Left tackle Jonathan Ogden is now the elder statesman of the Ravens' offensive line after three seasons in the NFL. All the former starters are gone. Center Steve Everitt plays for the Philadelphia Eagles. Tackle Tony Jones has won two championships with the Denver Broncos. Tackle Orlando Brown is in Cleveland and center/guard Wally Williams is on the New Orleans Saints roster.
"There has been quite a change. I'm the only one left," Ogden said yesterday. "Maybe that would make a difference if we had the same offense, but I'm trying to learn this offense, too. We're all in the same boat."
Maybe that's a good thing.
After having one of the league's most prolific offenses in 1996, the Ravens have had two of the worst in the past two years. Last season, the Ravens ranked No. 26 in the league, averaging 101.8 rushing and 179.3 passing yards. They converted on 64 of 207 third-down situations.
Fingers were pointed in a lot of directions, but five at the offensive line.
"To be honest, we were never put in certain situations to perform up to our potential," said starting right guard Jeff Blackshear. "We had the Wally holdout, which affected us, and we never settled on that left guard/center situation. We were always off balance. If you look at all the top teams in the league, they all have a core group of offensive linemen that have been together for a while. That's what you need, rep after rep after rep."

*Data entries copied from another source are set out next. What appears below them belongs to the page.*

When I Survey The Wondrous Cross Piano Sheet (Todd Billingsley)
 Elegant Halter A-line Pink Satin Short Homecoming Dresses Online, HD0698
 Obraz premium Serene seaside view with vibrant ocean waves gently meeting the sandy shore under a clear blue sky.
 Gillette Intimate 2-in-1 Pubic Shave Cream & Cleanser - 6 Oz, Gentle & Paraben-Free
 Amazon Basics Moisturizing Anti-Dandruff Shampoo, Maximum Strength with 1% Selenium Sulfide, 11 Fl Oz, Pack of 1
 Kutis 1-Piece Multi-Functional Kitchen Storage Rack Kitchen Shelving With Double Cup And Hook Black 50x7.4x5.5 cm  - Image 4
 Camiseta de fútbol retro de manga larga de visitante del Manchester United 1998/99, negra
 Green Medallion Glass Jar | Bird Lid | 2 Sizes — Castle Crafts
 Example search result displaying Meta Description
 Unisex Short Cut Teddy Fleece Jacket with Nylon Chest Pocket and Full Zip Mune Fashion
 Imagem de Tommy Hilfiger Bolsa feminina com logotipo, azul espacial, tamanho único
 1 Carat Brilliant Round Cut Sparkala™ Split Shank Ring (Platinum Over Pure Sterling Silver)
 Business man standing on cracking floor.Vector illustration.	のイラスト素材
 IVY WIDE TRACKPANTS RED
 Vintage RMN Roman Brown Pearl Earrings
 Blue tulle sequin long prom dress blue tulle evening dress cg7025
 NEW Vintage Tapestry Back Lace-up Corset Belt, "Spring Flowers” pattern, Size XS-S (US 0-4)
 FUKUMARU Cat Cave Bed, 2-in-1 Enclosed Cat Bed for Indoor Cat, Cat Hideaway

The offensive line has been getting that in Camp Billick. It's a group that isn't as talented as the offensive lines of the past, but the Ravens hope a new offensive system can make center Jeff Mitchell, left guard James Atkins, right tackle Harry Swayne, Blackshear and Ogden an effective unit.
So far in training camp, the Ravens have had problems jumping offside, but that can be corrected. Those are mental errors, not physical. The pass protection has been pretty good. That in itself would be an improvement over last season, when the Ravens allowed 41 sacks.
"I'm pleased with the offensive line," Billick said. "The quarterbacks are getting some good protection. There's some keen competition for spots five through nine if we decide to go that deep."
Building this unit will take some time. Swayne is new, acquired in the off-season from the Denver Broncos. Mitchell played well in eight games last season, but has yet to play an entire 16-game schedule. Atkins played well in limited time at tackle and guard last season, but tackle is his natural position. Left guard has been a trouble position since Ogden vacated that spot two seasons ago.
Since then, the Ravens have tried Leo Goeas, Williams, Mitchell, Ben Cavil and Herman Arvie. The only consistent player on the left side has been Ogden, a two-time Pro Bowl selection.
"I call that position musical guard," Ogden said. "It makes it difficult on me because you have to get used to who you're playing with."
Familiarity is a major problem. Except for Blackshear and Swayne, none of the starters has experience in the West Coast offense. Tom Flores ran the offense when Blackshear played with the Seattle Seahawks, and Mike Shanahan runs the offense in Denver. One of the reasons Billick traded for guard/center Everett Lindsay, the team's sixth lineman, was to help teach the offense.
It's a little more complicated than the system used by former coach Ted Marchibroda.
"The terms are different," Ogden said. "The center has a lot of things to think about, so you can't only depend on him for the call. They are throwing so much at us so fast. We'll learn one or two plays at a meeting that night, but run five new ones at practice the next day. It's a fast pace around here."
But overall, the new offensive scheme should help the offensive line. The Ravens were predictable last season. They were strictly a seven-step-drop-back, pocket-passing team. Billick's offense has more dimensions. The Ravens will roll out and run play action more. There are more three- to five-step drop backs, which feature more of a slide pass protection scheme. Versatility can compensate for talent.
"Sacks are caused for a lot of reasons," Ogden said. "Everyone usually blames the offensive line, but sometimes they are the result of a running back messing up, the quarterback holding the ball too long or the receiver running the wrong route.
"Honestly, we can become very good, better than any time here. Potential-wise, we're not as strong as my first year, but we weren't cohesive. Hopefully, by the end of preseason, we'll have that cohesiveness. Realistically, though, we're looking at the first or second game."
"As a pro, you understand that these things happen where you lose players," Blackshear said. "But we've got a bunch of players who work hard and don't complain. What I like about this offense is that every down we're going for the throat, the big play. We're not going to nickel-and-dime people, chomp and chomp down the field. It's wide-open. Every play can be a big play."